Welches war das erfolgreichste Buch und weshalb? Paul Jud: In die Geschichte eingegangen ist das Buch «Meiri und das Schaf Lili»: Das war bei den Kindern ein richtiger Hit, einfach weil sie das Buch herzig fanden, berührt wurden davon. «Meiri und die Fussballschule» hat auch grossen Anklang gefunden. Gedruckt wurden alle Werke in unserem eigenen Vogelherd- Verlag Einsiedeln in einer Auflage von 500 Büchern. Dank Beiträgen von Sponsoren konnten wir die Produktionskosten der Bücher immerzu abdecken.
Gibt es auch ein Buch, das nicht so Anklang fand beim Publikum?
Toni Ochsner: Ja, das Buch «Meiri und der Werkspion», das sich um das Unternehmen HLM dreht, kam nicht so gut an.
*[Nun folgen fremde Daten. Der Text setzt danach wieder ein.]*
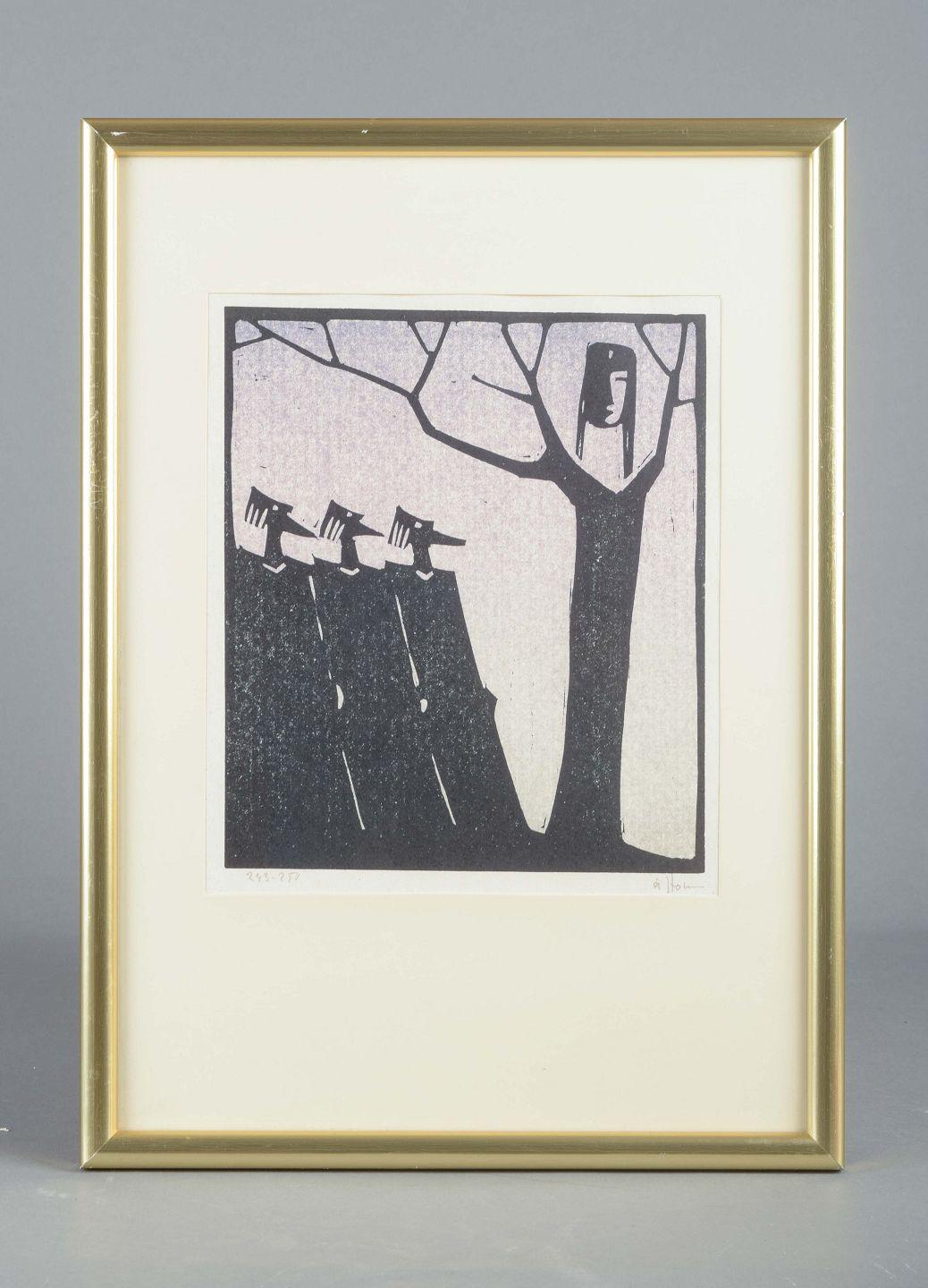 Åke Holm, Suède.
Gravure sur bois, Maria et les Rois mages, 1978.
Une œuvre graphique dramatique dans laquelle trois personnages stylisés - les Rois mages - s'approchent de Marie, représentée comme une figure emblématique intégrée dans la forme de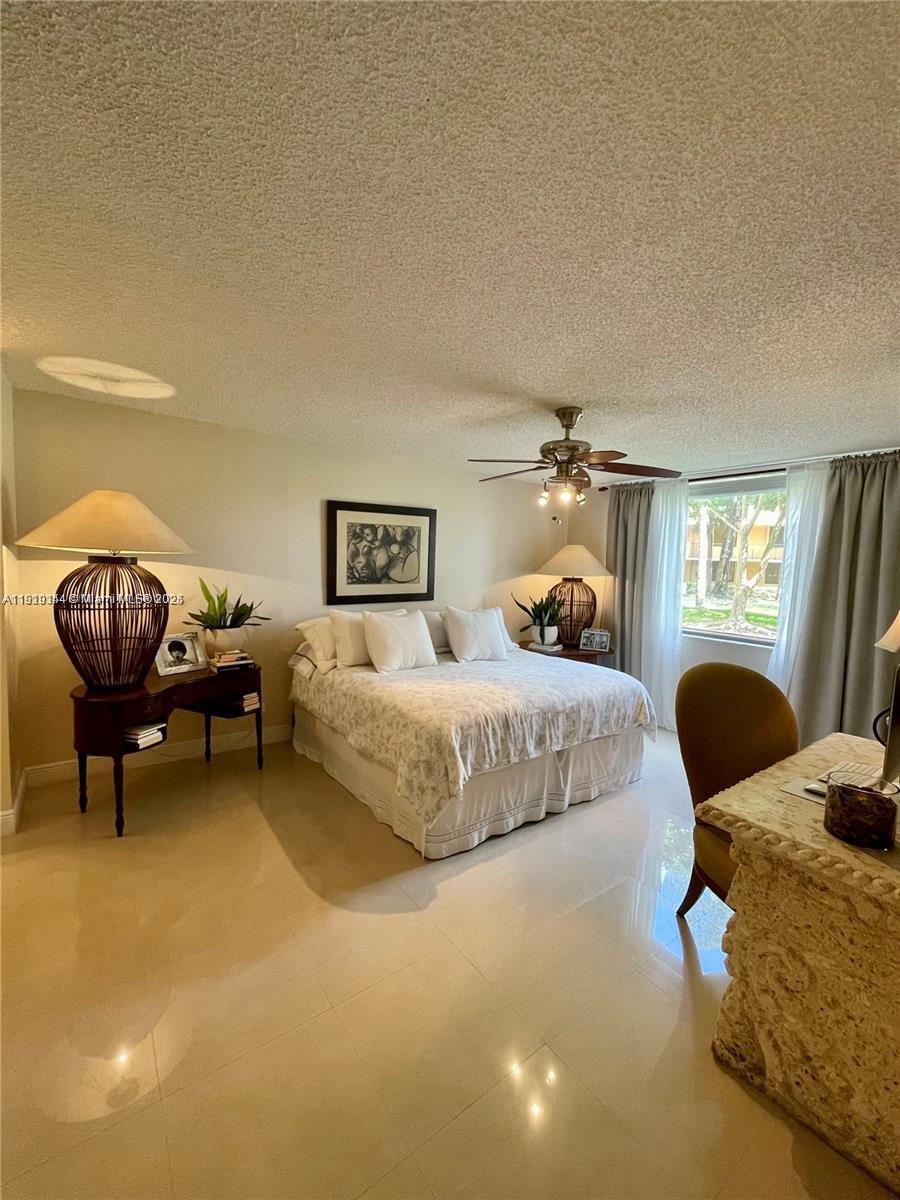 JACARANDA HEIGHTS CONDO - Residential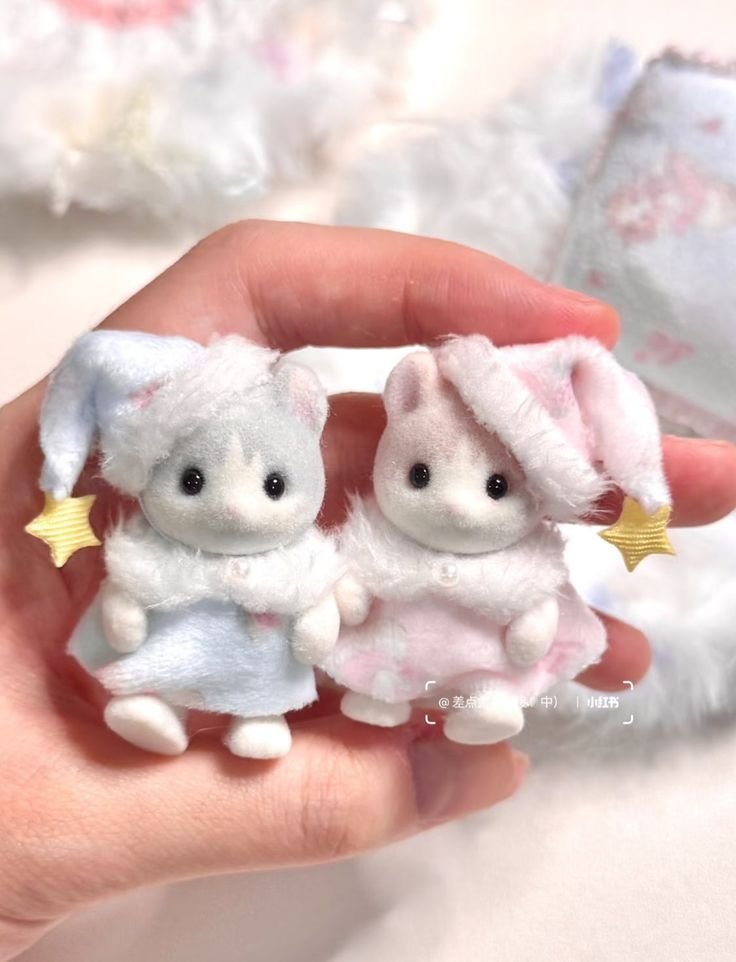 /ᐠ - ˕ -マ (@lovesickdoe) on Twitter photo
Werkspionage ist wohl als Thema etwas zu abgehoben und abstrakt. Und für die Kinder zu kompliziert.
Welche Geschichten finden Sie selber die besten? Paul Jud: Mein Favorit ist das Buch «Meiri und der Weihnachtsstern »: Das handelt von einem grossen Stern, der von der riesigen Weihnachtstanne heruntergefallen ist. Als dann in der Realität, ein paar Wochen nach der Buchvernissage in der klostereigenen Schmiede, der Stern am Weihnachtsmarkt in Einsiedeln in der Tat runtergefallen ist, galten wir plötzlich über Nacht als Propheten im Land (lacht).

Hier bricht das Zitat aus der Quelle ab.